(Brief descriptive captions)
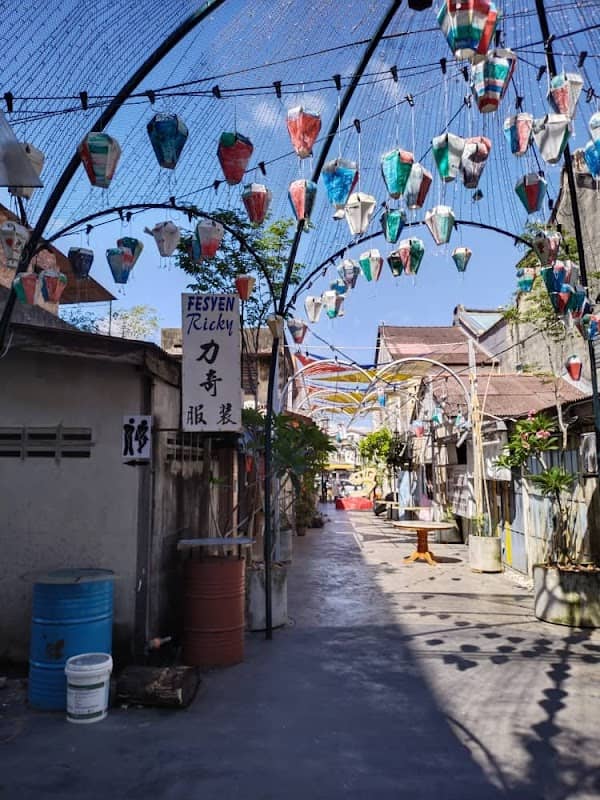 Mertajam Art Walk • 大山脚文化街 - Image 1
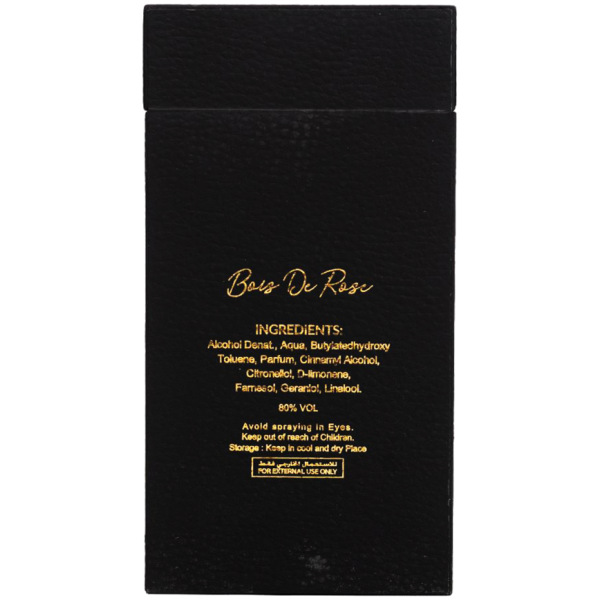 Fragrance Du Bois Siberian Rose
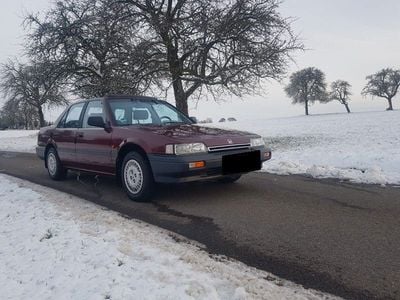 Gebraucht Honda Accord 116 PS (85 kW) 1988 Rot Limousine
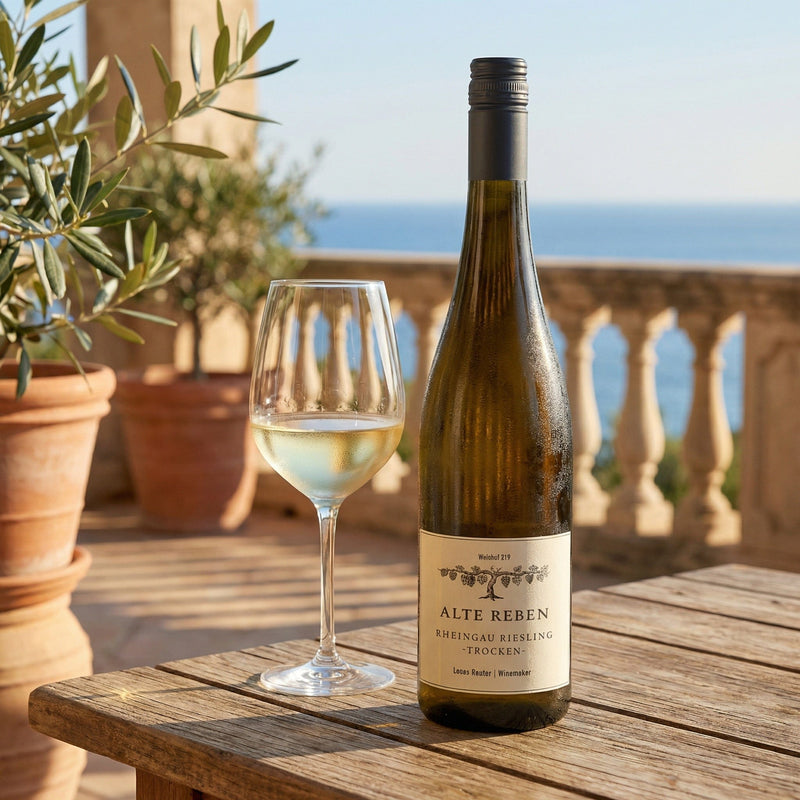 Weinhof 519 Hvidvin Alte Reben White Edition Riesling Weinhof 519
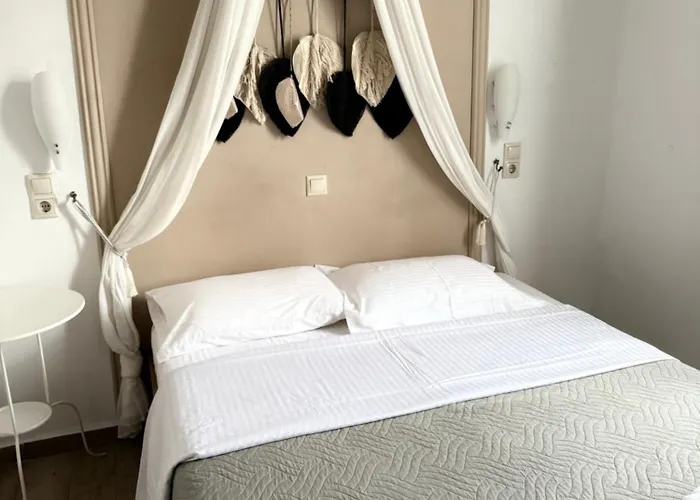 Evdokia Old Town * Rhodes City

> **Required action**
Copy nothing but the lines from the line holding "Weinhof 519 Hvidvin" through the last line of the entries, exactly, while leaving out the pictures.

> **Answer to the exercise**
 Weinhof 519 Hvidvin Alte Reben White Edition Riesling Weinhof 519
 Evdokia Old Town * Rhodes City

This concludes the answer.